July 23, 2012

Dining

I don’t like eating at my desk. There I said it.

I like being able to get away from my desk for a moment or 30. Eat my lunch in peace, away from the bright lights of the overhead florescence and noise of ringing phones.

Recent studies have shown that desks are actually more unhygienic that toilets. This is likely because they simply aren’t cleaned as often but no less of a worry.

I’m hot desking again today and the first thing I had to do was get out the surface cleaner and cloth. I swear there was a pube, font and centre. Within minutes of sitting down I had a dirty hand heal. I went search of the cleaner.

Now the desk smells like a gents loo…why do office cleaning product always smell like that?

Anyway, I digress.

Where do you eat lunch?

In the office that I currently reside I, there is a small galley kitchen but no where to sit and eat.

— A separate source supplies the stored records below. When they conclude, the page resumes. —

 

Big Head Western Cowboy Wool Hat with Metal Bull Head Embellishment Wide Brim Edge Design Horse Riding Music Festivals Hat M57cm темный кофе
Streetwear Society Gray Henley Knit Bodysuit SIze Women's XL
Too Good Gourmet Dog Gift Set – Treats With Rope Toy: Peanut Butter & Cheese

There’s a meeting room but if there’s someone in there having a meeting, you are left with no choice but to eat at your desk.

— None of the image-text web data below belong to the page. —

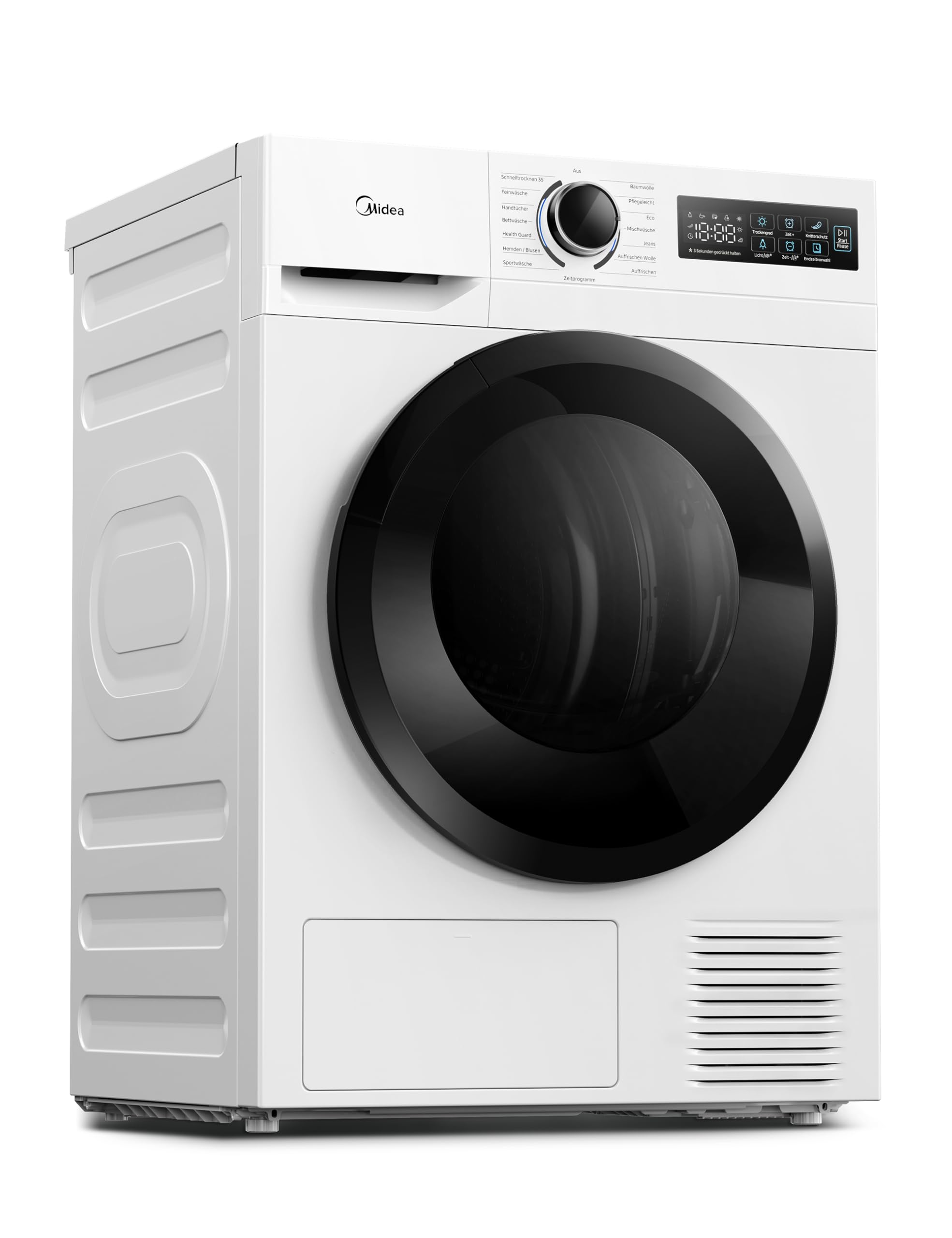 Midea MD11EH80BD Wärmepumpentrockner, 8 kg, Energieklasse D, Schnelltrocknen 35', HealthGuard, Sensor-Trocknung,Auffrischen,Knitterschutz, Auffrischen Wolle, Weiß - 2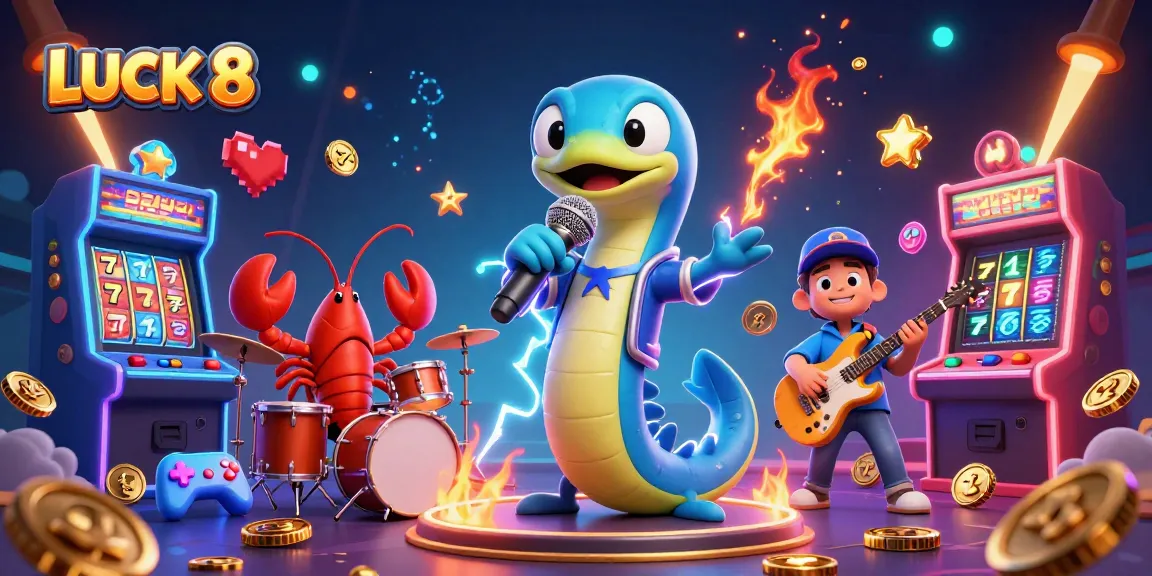 LUCK 8 game experience in a vibrant underwater casino scene with colorful characters and slot machines.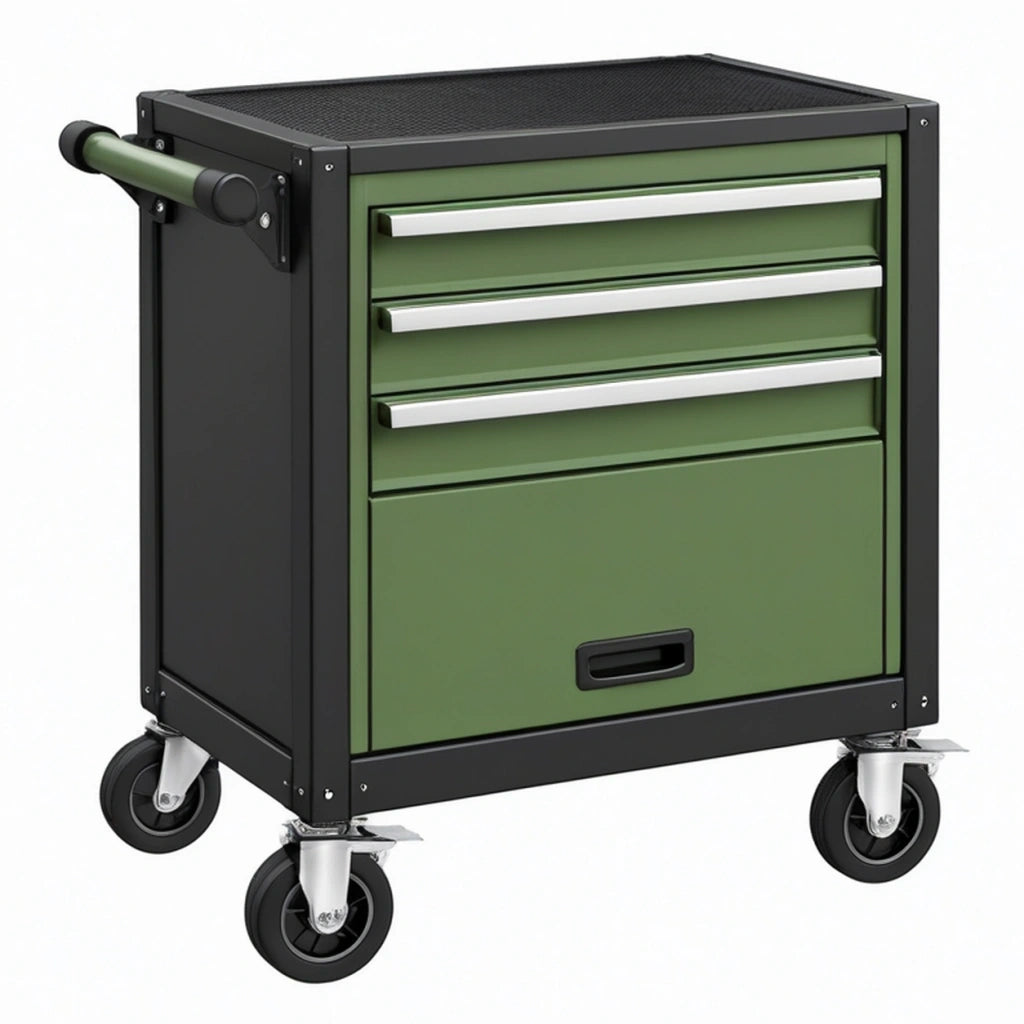 Carrello portautensili 76 x 46 x 90 cm in acciaio verde con 3 cassetti e ruote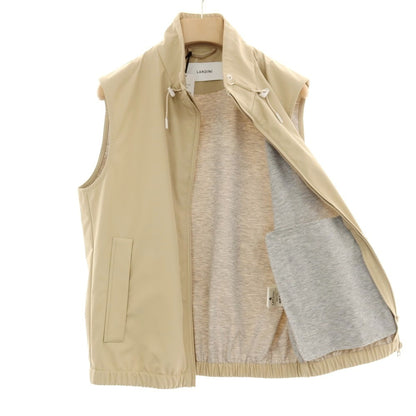 【新品アウトレット】ラルディーニ LARDINI コットンポリエステル スタンドカラージップアップベスト ベージュ【サイズ46】【 状態ランクN- 】【 メンズ 】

Today someone was having a lunch meeting. First, that’s just rude to schedule a meeting over lunch and not provide lunch, second I had to eat at the smelly boy loo desk.

So while I was scoffing my baked potato with Chicken korma I decided to look up the rules about such things.

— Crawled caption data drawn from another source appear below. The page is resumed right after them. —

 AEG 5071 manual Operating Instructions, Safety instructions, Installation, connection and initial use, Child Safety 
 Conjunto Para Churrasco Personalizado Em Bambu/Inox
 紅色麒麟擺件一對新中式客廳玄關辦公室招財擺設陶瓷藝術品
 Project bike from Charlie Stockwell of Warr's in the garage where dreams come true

Apart from saying that a separate dining area needs to be provided were 10 or more people would be dining at once, I’m pretty sure on a floor of 70+ staff, 10 or so would be having lunch at the same time, it also states:

# separated from the work process

I think this is key. Eating at your desk would not be considered separate for the work process.

Just goes to show my desire to get out is valid and should be continued. I’m going for a walk.



http://www.ohsrep.org.au/faqs/workplace-and-amenities/dining-facilities-what-must-employers-provide/index.cfm

July 16, 2012

Just when you thought...

…it was safe to go back into the water.

The other day a surfer was attacked and killed off the coast off the Western Australian coast by a great white shark about 180km north of Perth.

Shock horror. Yes, it’s a nasty thing to happen and those that were on the beach when it happened, it would have been partially horrible thing to witness.

Family and friends are devastated by the accident. They have my sympathy because losing a loved one is awful and has a profound effect on the rest of your life.

The authorities are now combing the water for the offending creature so they can kill it so it doesn’t kill anyone else.

I have a solution to this. Don’t kill the shark for doing what sharks do, eat things in the water. Stop people going in the water or let them go in the water and let Darwinism take its course. It think it called the natural order of things. I stay out of the ocean. I understand they are many things in it that can move quicker than me through water and would, if given the chance, could kill me. Not just sharks, but jelly fish, snakes and fish with spines that have toxins that can cause heart failure in minutes.

How many sharks will they kill in the search for the ‘maneater’?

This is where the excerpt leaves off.